## WORK INSTRUCTION
Copy out the data that comes next, character for character, and leave the images aside.

╭─ DATA

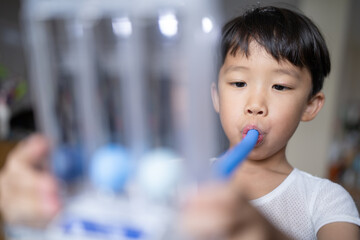 Thin boy uses a Tri-ball Incentive Spirometer for check his lung function.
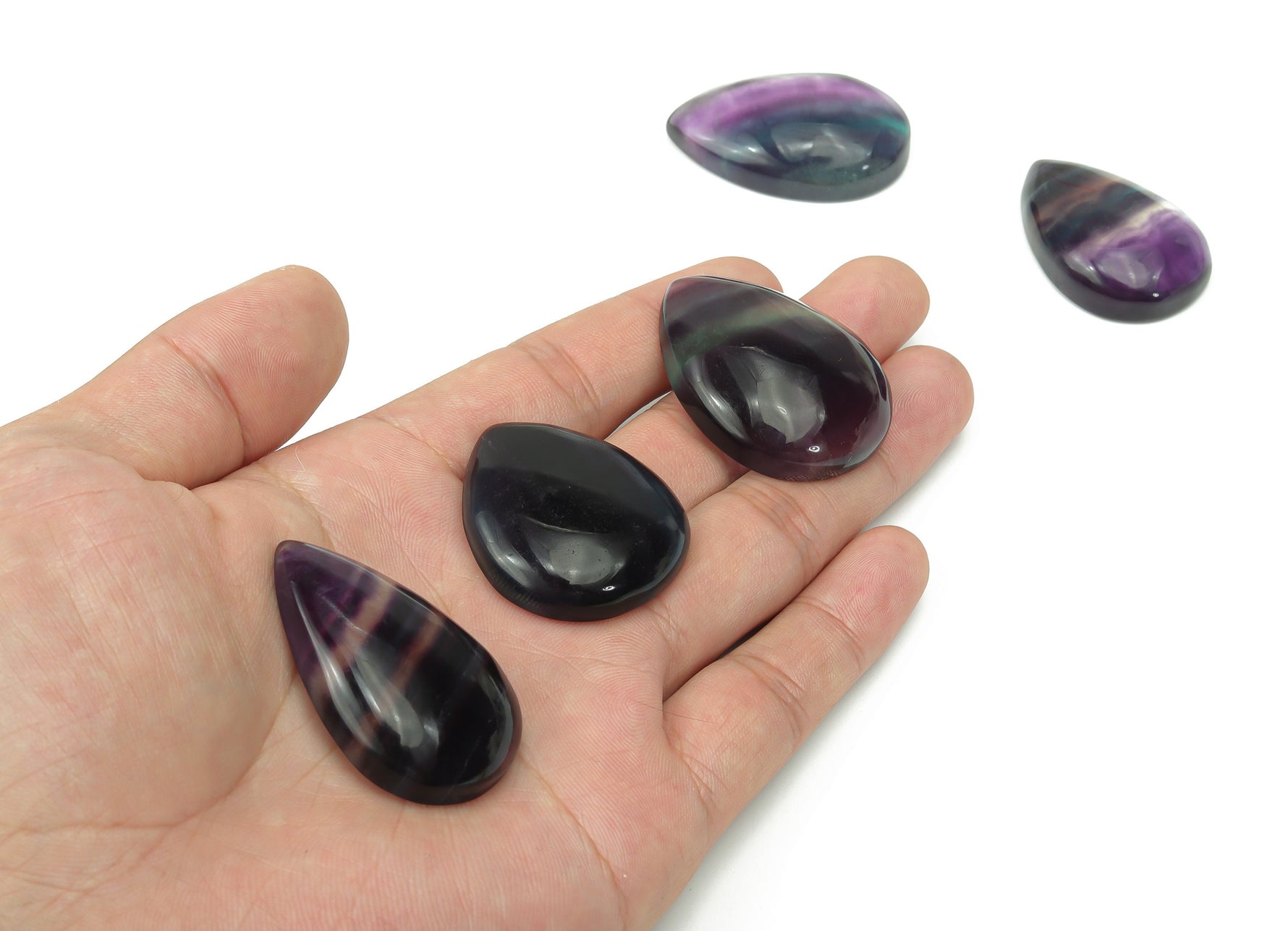 Fluorite crystal carving gemstone from GemstoneGO, showcasing vibrant purple and green hues with intricate natural patterns.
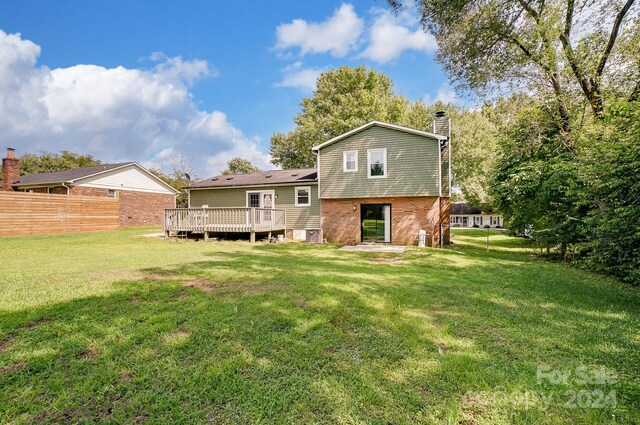 rear view of property with a deck and a yard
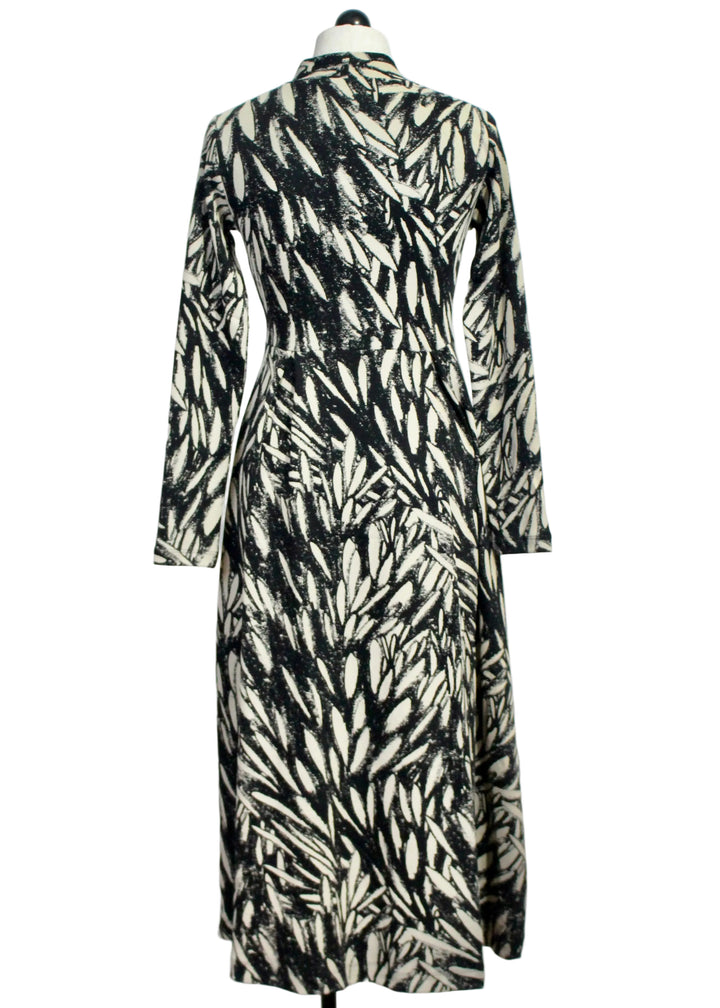 Back view of The Eba GOTS Dress by SKFK in the Leaves Print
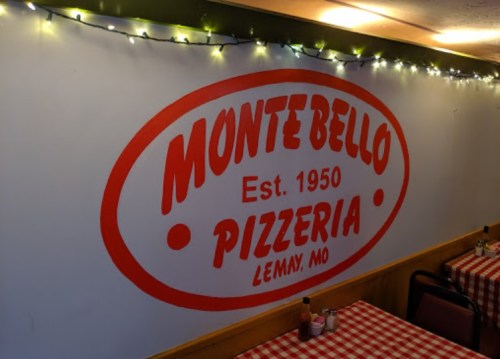 Interior of Montebello Pizzeria in Lemay, MO, featuring a red and white sign on the wall and checkered tablecloths.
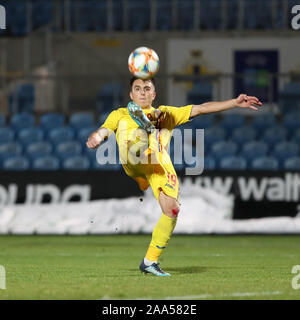 Ballymena, Antrim County, Northern Ireland. 19th November 2019; Ballymena Showgrounds, Ballymena, Antrim County, Northern Ireland; European Under 21 Championships 2021 Qualifier, Northern Ireland Under 21 versus Romania Under 21; Romania's Stefan Vladoiu clears the ball - Editorial Use Stock Photo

╰─

## RESULT
 Thin boy uses a Tri-ball Incentive Spirometer for check his lung function.
 Fluorite crystal carving gemstone from GemstoneGO, showcasing vibrant purple and green hues with intricate natural patterns.
 rear view of property with a deck and a yard
 Back view of The Eba GOTS Dress by SKFK in the Leaves Print
 Interior of Montebello Pizzeria in Lemay, MO, featuring a red and white sign on the wall and checkered tablecloths.
 Ballymena, Antrim County, Northern Ireland. 19th November 2019; Ballymena Showgrounds, Ballymena, Antrim County, Northern Ireland; European Under 21 Championships 2021 Qualifier, Northern Ireland Under 21 versus Romania Under 21; Romania's Stefan Vladoiu clears the ball - Editorial Use Stock Photo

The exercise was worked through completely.